И здесь в его сознании начинает стираться грань между Россией прошлого и Россией настоящего. Лакснессу кажется, что Россия есть и была литературной утопией из-за той роли секулярной церкви, которую играла художественная литература в России, по крайней мере, со времён Пушкина. Всеобщее поклонение таланту и творчеству Пушкина становится для Лакснесса осуществлением мечты о власти поэзии над умами. Он переводит «Памятник» Пушкина на исландский язык и печатает перевод как раз в «Русской сказке»: возносится вместе с великим поэтом «выше Александрийского столпа» — выше всех сооружений власти. О месте Пушкина в русских сердцах Лакснесс пишет куда более проникновенно, чем о политических кумирах времени — Ленине и Сталине. В своей очень просоветской книге он подчеркивает, что именно Пушкин сделал его, уже друга Советского Союза, другом России и русских.

Интересно, как всё это проявляется в том, как Лакснесс сравнивает жизнь и судьбу исландского и русского народов. Он, конечно, не забывает об огромной разнице между ними, но всё же находит важные параллели в истории русских и исландцев: оба народа получили в наследство бедность и отсталость, которые им предстоит преодолеть в как можно краткий срок, и оба, по его убеждению, в очень значительной мере связывают свои мечты о лучшей жизни с литературой, с творчеством поэтов, скальдов, писателей.

Такой утопизм, пожалуй, не ставит себе целью искоренение социального зла и воцарение полной справедливости и равенства. Такой утопизм мечтает о взаимоотношениях людей, над которыми царствует литература, об обществе, где великий писатель или поэт – царь и бог, где самые разные люди волей-неволей подчиняются его благородной власти.

Такого рода мысли мы часто встречаем в романах и публицистике Лакснесса. Особенно ярко они проявляют себя как раз в том большом романе, над которым он работал в бытность свою в Советском Союзе. Я имею в виду тетралогию «Свет мира», второй том которой был написан Лакснессом в Москве зимой 1937-38 годов.

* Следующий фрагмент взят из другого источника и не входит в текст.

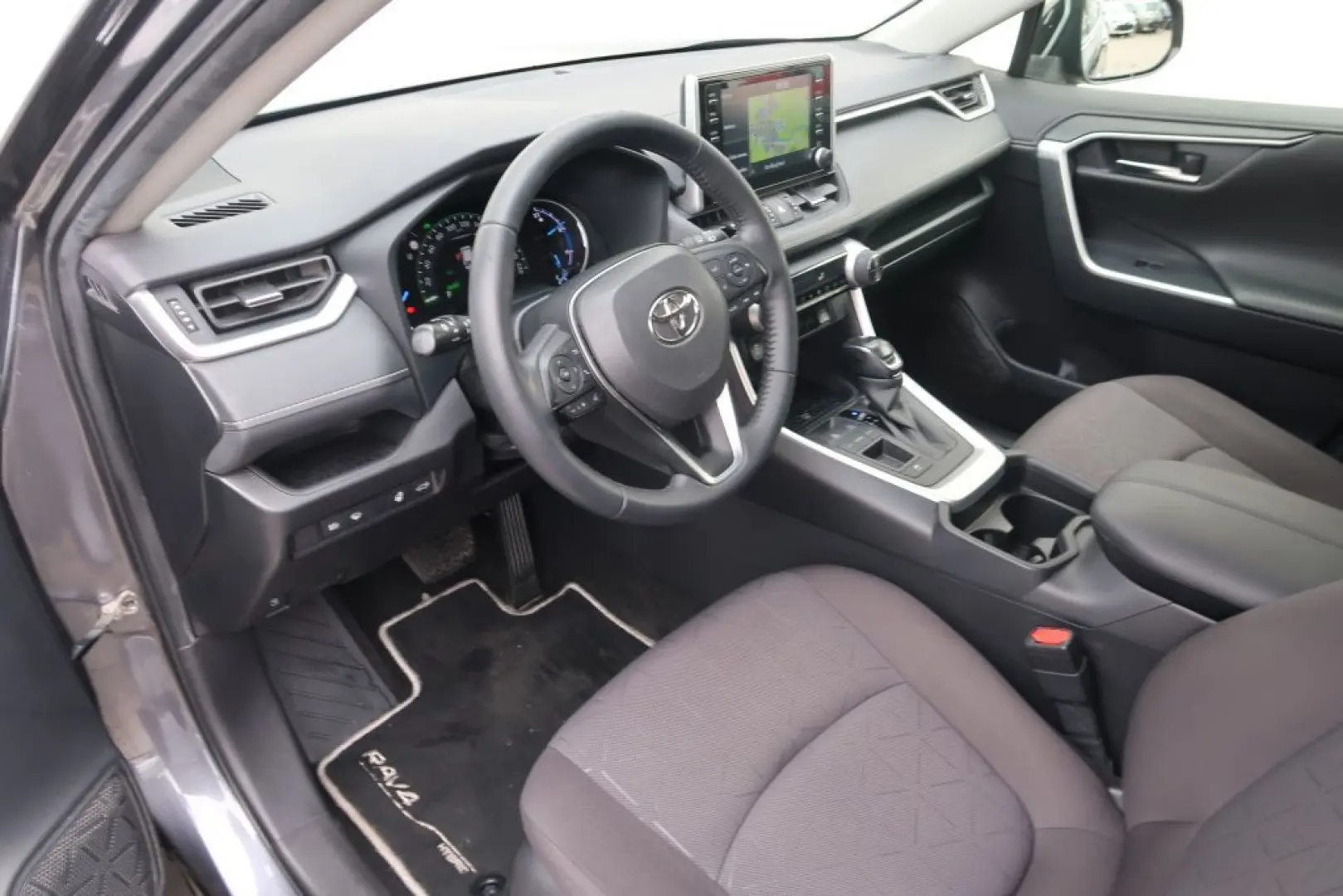 RAV 4 2.5 4x2 Hybrid Team Deutschland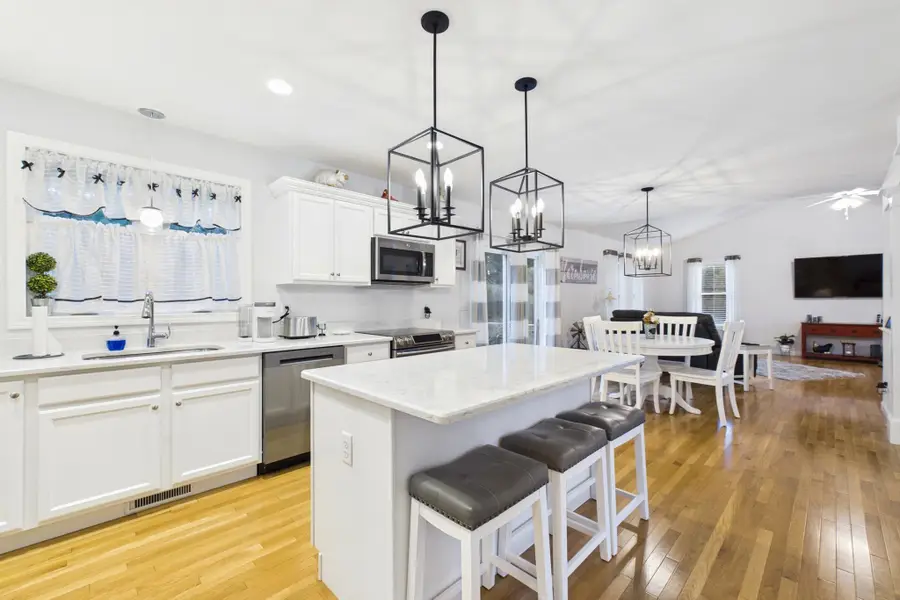 232 Collins Corner Rd, Dartmouth, MA 02747 - #3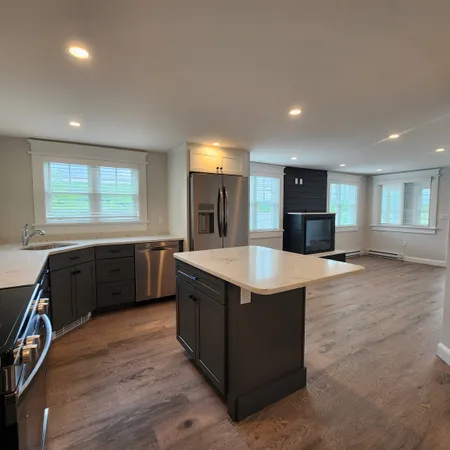 $2,350 | 1330 Lake Street, Unit 4, Bristol, NH 03222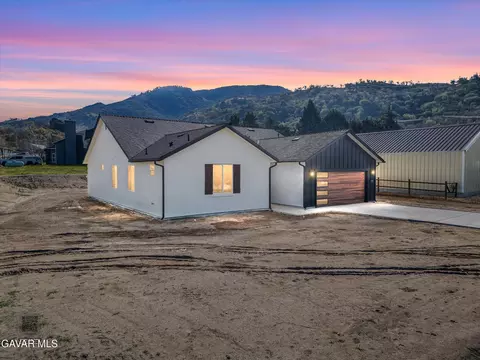 Exterior - 17750 Arlington Pl, Tehachapi, CA 93561 photo 2 of 9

«Свет  мира» — это роман о поэте из народа, Олавуре Каурасоне. Он незаконный ребенок, брошенный родителями на попечение прихода. Его бьют, заставляют работать не по силам, унижают, издеваются над ним. Но с детства он находит утешение и помощь в поэзии, как собственной так и в поэзии предшественников. И как бы ни издевались над ним и ни презирали его, он всё же всем нужен. Кому-то нужно выразить свою любовь его стихами, другому – скорбь по умершему, кого-то нужно наказать, другого поднять на борьбу за справедливость. Все хотят, чтобы поэт им служил или помогал. И он, оказывается, обладает той чудотворной силой, которая поднимает самых разных людей над их ограниченностью и незавидной участью в жестоком мире. Поэт Олавур – человек слабый, грешный, но он всё же представляет собой высокий идеал человека, чуть ли не какого-то исландского Христа.9) Поэт – это тот, сопереживает с униженными и оскорбленными, его доброта безгранична, чиста и наивна. Этого бедного поэта, этот «свет мира», мы вправе считать попыткой создать образ «положительного прекрасного человека», аналогичный с князем Мышкиным у Достоевского. Как Мышкин, он терпит полное поражение в мире практических и своекорыстных целей, но он всё же оказываетс победителем в своем собственном нерукотворном мире сострадания, красоты и поэзии. К нему как нельзя лучше подходят слова пророка Исайи о страждущем праведнике: «Он был презираем и мы ни во что не ставили Его… но Он взял на Себя наши немощи … и ранами Его мы исцелились». (Ис.53)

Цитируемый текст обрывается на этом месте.